A King, a Peasant, and a Vineyard

Scripture:   1 Kings 21;  Matthew 22.37-40

‘The story of Naboth is an old one, but it is repeated every day.’    [St. Ambrose]

More than a millennium later, this biblical tale was invoked by the Hawaiian Queen, Lili’ukalani.  In a letter to the American people, written after her arrest in 1898, after the U.S. government in cahoots with local Americans and American business interests had overthrown her traditional rule and annexed the island, the Queen, a devout Christian appealed to the American conscience:   ‘Oh honest Americans, as Christians hear me for my downtrodden people! . . . Quite as warmly as you love your country, so they love theirs. With all your goodly possessions, covering a territory so immense that there yet remain parts unexplored . . . do not covet the little vineyard of Naboth’s, so far from your shores, lest the punishment of Ahab fall upon you, if not in your day, in that of your children.’   Her plea was ignored.

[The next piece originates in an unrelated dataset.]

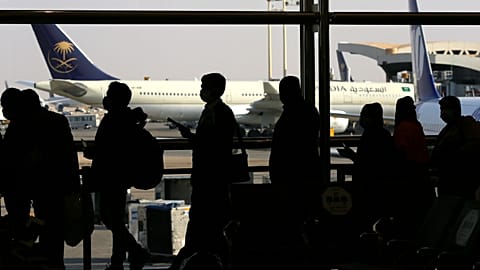 FILE - Passengers line up to check in for their flight at King Khalid Airport in Riyadh, Saudi Arabia, Monday, Jan. 11, 2021.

Sadly, invaders and settlers from Europe deprived many of the native Naboth’s of their ancestral homes in North & South America, a legacy we continue to grapple with to this day.

For reflection:

          Why won’t Naboth sell his vineyard?  Ahab’s offer seems fair.

          Note the repeated use of the words ‘take possession’ in the story.

          Why does Elijah refer to Naboth’s vineyard when it has clearly become the property of Ahab and Jezebel?

          Who are the Ahabs and Naboths of our day?

Our movie of the week is Macbeth.  What connections do you see between Shakespeare’s story and the Biblical story?